__Task objective__
Lift every line from the entries that includes the word "Women".

__The input__
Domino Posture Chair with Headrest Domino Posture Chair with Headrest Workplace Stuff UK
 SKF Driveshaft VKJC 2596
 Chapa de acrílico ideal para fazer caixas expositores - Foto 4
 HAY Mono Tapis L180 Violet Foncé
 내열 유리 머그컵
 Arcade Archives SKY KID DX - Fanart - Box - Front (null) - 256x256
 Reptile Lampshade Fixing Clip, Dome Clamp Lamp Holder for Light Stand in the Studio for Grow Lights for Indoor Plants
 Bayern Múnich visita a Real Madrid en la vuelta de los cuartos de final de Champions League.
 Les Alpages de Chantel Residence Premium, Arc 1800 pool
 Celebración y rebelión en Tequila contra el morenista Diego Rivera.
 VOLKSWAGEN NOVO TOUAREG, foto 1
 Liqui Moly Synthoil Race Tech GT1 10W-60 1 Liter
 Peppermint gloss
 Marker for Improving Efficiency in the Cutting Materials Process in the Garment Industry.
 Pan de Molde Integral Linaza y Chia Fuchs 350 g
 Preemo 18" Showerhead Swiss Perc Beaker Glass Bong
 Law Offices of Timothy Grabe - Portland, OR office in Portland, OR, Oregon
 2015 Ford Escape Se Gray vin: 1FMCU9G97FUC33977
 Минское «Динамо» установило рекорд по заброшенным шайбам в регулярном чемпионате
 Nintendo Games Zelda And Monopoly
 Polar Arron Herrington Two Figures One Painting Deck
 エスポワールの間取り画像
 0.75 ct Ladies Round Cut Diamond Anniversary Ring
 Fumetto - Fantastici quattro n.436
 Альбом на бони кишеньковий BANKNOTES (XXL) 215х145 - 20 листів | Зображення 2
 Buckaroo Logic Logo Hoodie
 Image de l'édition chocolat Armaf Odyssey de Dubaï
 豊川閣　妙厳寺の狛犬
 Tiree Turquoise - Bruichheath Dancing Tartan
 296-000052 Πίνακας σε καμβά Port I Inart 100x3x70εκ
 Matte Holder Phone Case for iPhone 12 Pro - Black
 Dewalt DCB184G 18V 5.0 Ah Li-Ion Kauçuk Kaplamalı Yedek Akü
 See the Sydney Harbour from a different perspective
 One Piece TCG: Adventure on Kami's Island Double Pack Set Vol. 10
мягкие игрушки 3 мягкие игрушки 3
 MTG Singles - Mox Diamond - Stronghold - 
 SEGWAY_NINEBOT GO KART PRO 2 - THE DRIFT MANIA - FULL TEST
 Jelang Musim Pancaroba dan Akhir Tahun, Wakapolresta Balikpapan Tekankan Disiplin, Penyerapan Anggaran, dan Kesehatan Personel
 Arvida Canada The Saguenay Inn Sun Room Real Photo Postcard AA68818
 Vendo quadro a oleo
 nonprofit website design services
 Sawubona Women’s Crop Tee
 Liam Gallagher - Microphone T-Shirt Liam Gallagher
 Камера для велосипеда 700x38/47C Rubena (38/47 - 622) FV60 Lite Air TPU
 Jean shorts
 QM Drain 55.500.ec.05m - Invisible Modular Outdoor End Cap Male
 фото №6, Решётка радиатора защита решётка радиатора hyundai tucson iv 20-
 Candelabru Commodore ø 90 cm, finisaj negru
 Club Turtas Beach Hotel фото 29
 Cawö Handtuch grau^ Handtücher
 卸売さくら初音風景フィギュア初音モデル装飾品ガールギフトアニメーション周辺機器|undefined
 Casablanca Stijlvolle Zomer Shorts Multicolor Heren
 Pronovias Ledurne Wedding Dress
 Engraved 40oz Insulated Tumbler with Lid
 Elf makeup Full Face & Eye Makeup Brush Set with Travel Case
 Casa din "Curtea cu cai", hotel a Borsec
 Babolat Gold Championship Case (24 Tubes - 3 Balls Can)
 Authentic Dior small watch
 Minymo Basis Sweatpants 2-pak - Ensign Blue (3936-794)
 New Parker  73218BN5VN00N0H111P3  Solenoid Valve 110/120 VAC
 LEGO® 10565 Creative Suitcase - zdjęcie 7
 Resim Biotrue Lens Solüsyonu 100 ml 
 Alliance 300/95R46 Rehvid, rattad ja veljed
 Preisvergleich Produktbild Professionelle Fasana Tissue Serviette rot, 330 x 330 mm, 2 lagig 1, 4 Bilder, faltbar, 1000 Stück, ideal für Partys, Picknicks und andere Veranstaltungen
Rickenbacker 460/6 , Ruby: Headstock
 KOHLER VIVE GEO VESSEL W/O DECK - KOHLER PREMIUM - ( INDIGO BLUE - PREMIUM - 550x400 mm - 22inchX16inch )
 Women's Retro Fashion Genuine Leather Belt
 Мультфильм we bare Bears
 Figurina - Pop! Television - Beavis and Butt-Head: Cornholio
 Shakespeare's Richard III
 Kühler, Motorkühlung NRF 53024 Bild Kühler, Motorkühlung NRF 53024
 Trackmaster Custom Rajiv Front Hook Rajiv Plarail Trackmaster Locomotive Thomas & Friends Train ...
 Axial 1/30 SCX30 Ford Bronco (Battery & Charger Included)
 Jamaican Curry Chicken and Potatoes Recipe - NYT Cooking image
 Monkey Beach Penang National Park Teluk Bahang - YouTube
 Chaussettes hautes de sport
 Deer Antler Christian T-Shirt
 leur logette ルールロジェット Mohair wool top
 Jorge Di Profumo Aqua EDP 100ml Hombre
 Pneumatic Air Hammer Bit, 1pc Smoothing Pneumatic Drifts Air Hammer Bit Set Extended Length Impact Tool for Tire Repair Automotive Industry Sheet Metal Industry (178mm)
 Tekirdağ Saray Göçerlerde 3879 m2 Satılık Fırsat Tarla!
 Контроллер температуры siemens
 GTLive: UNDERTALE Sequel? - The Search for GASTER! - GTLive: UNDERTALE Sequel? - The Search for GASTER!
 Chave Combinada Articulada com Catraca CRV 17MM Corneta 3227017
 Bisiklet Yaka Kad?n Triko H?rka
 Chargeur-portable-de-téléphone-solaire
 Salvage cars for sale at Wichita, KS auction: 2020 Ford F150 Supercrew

__Written response__
 Sawubona Women’s Crop Tee
 Women's Retro Fashion Genuine Leather Belt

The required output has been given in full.